**TASK PROMPT:**
Further down are entries; set down exactly and only the lines from the one with "TKİ Tavşanlı Linyitspor ligi garantiledi" up to and including the one with "FTSH-108-01-FM-D QRCode", dropping each picture.

**EXTRACTED RECORDS:**
::::
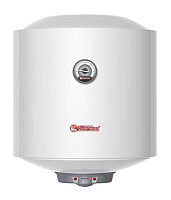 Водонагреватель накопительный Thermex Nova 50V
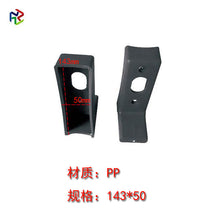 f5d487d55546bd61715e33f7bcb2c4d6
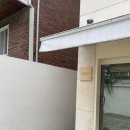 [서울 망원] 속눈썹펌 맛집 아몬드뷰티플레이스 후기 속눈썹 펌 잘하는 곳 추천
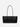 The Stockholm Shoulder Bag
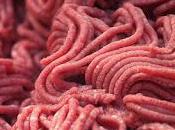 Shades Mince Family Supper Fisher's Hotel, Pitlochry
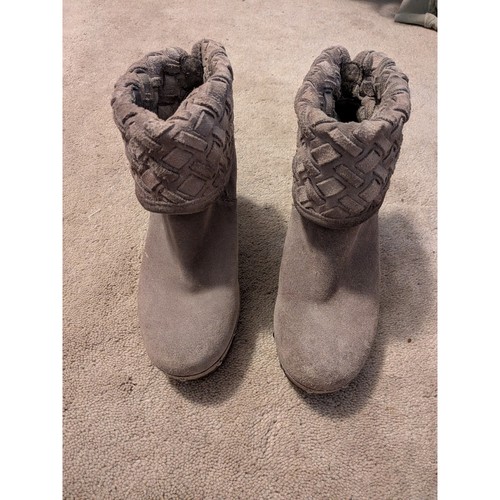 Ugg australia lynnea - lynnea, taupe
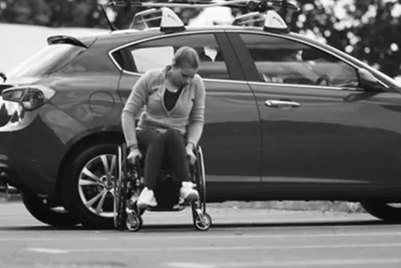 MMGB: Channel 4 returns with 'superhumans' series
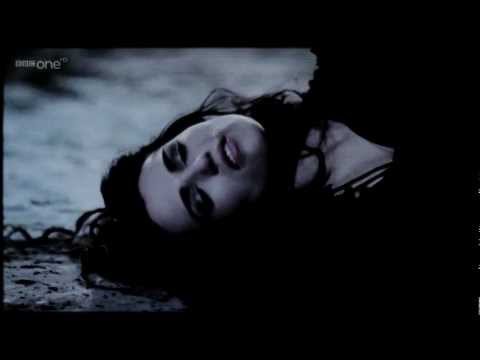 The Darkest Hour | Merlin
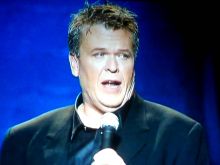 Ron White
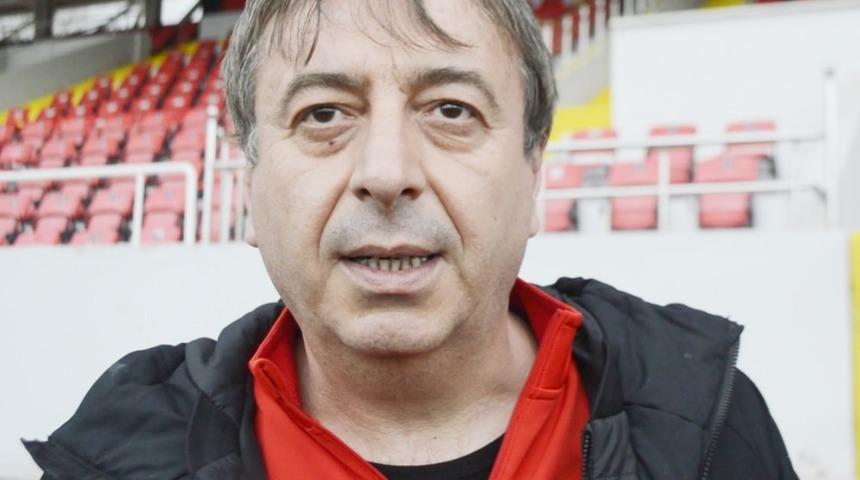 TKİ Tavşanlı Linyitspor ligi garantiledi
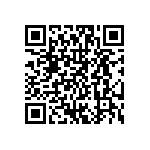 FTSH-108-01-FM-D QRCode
::::
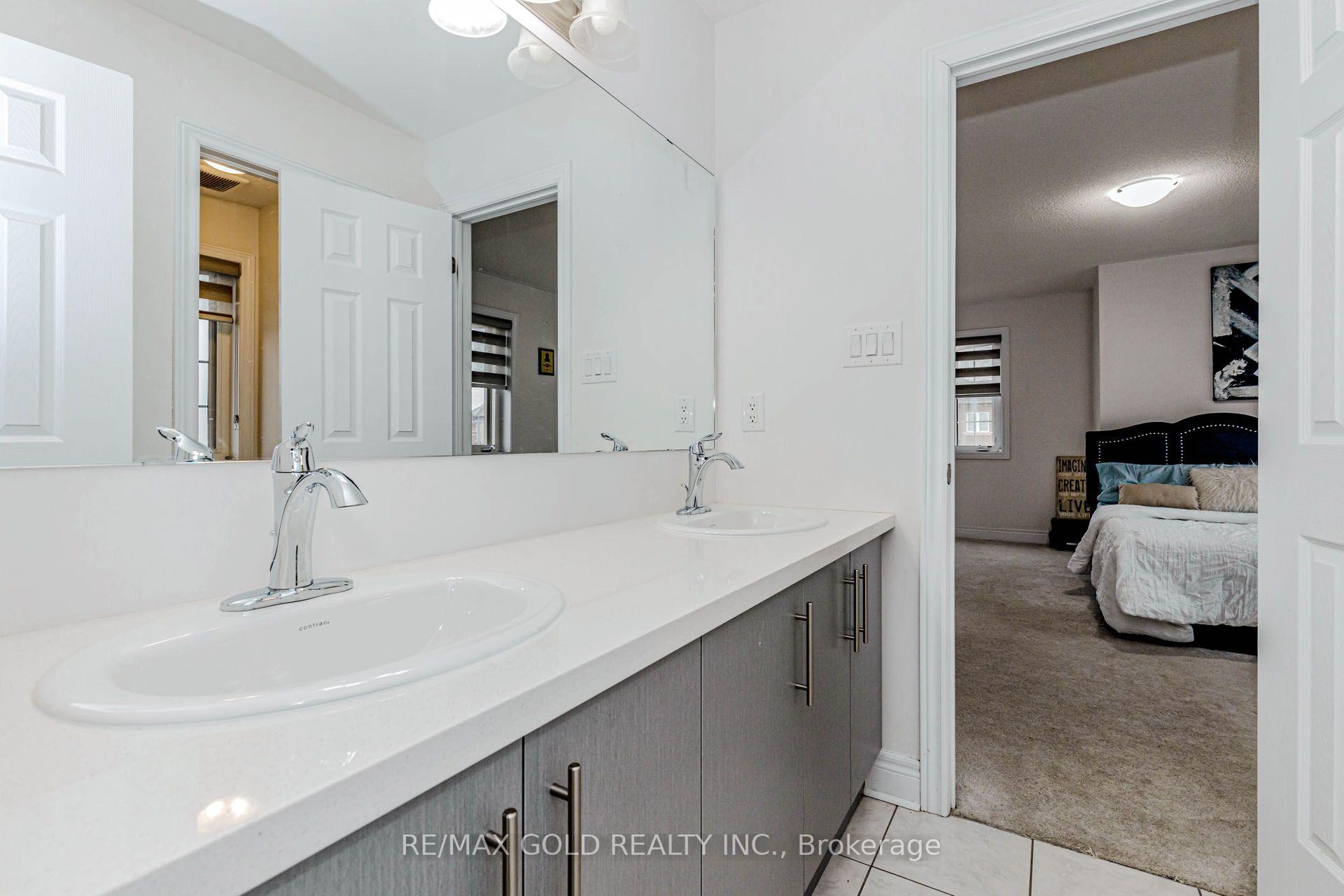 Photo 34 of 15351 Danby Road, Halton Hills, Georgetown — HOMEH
::::
**OUTPUT OF THE EXERCISE:**
 TKİ Tavşanlı Linyitspor ligi garantiledi
 FTSH-108-01-FM-D QRCode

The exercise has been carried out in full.